Si tuffarono nel lago per salvare una donna, premiate due ticinesi

Aline Brizzi ed Elisa Colusso hanno ricevuto una medaglia, un diploma e dei fiori dalla Fondazione Carnegie Svizzera.

Nell'estate di due anni fa, a Muralto, misero a rischio la loro vita per salvare dall'annegamento una donna.

LUGANO - Dare il giusto tributo a chi salva una vita. È questo a cui mira la Fondazione Carnegie Svizzera, che oggi ha premiato 35 persone provenienti dai quattro angoli del Paese. E fra coloro che «a rischio della propria salute hanno salvato una persona che si trovava in una situazione d'incombente pericolo di vita» ci sono anche due ticinesi: Aline Brizzi di Ascona ed Elisa Colusso di Origlio.

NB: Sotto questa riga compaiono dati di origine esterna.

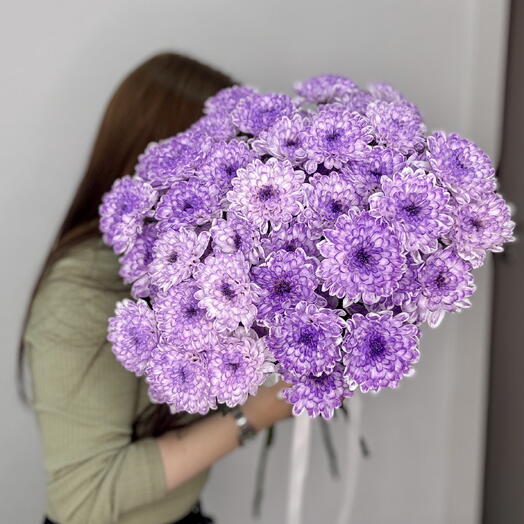 Фиолетовые хризантемы 7 Алтай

I fatti risalgono alla sera del 18 luglio 2019, quando una donna rischiò l'annegamento nel Verbano. Le due giovani si resero conto di quanto stava succedendo e non esitarono un momento a tuffarsi nel lago per recuperarla. Un provvidenziale salvataggio di cui avevamo riferito anche su tio.ch. Protagoniste dell’episodio, in origine drammatico ma tramutatosi poi in un grande gesto di umanità, sono come detto Aline Brizzi ed Elisa Colusso.

I dettagli dell'accaduto - Le due ragazze si trovavano a cena presso un noto ristorante di Muralto con tavoli affacciati sul Lago Maggiore. A un certo notarono una sagoma galleggiare in acqua, a circa 100 metri dalla riva. Non riuscendo a distogliere lo sguardo da quella che aveva a tutti gli effetti le sembianze di un corpo, una delle due giovani decise quindi di avvicinarsi alla spiaggia per cercare, tramite la foto­camera dello smartphone, di fugare ogni dubbio. Grazie allo zoom dell’apparecchio, capì che si trattava certamente di una persona e dopo essere tornata dall’amica, le due si spostarono nuovamente a riva, dove entrambe percepirono dei lamenti.

Aline ed Elisa provarono a urlare per richiamare l’attenzione di chi stava in acqua, che però non reagì. Le giovani si tolsero allora le scarpe e, ancora vestite, si tuffano in acqua, recuperarono il corpo - che nel frattempo scoprirono essere quello di una donna - e lo riportarono sulla terraferma. La donna fu infine trasportata all’Ospedale Civico di Lugano con l’elicottero della Re­ga.

Una medaglia e dei fiori - A causa della pandemia di Covid, come lo scorso anno, anche quest'anno non è stato possibile svolgere la cerimonia di premiazione. La Fondazione Carnegie Svizzera ha comunque ritenuto di dover sottolineare in altro modo l’evento avvalendosi della collaborazione della Fleurop Svizzera. È stato così possibile fare in modo che i destinatari ricevessero personalmente i premi - che nel caso di Aline ed Elisa consistono in una medaglia di bronzo con il loro nome inciso e un diploma - insieme a un mazzo di fiori.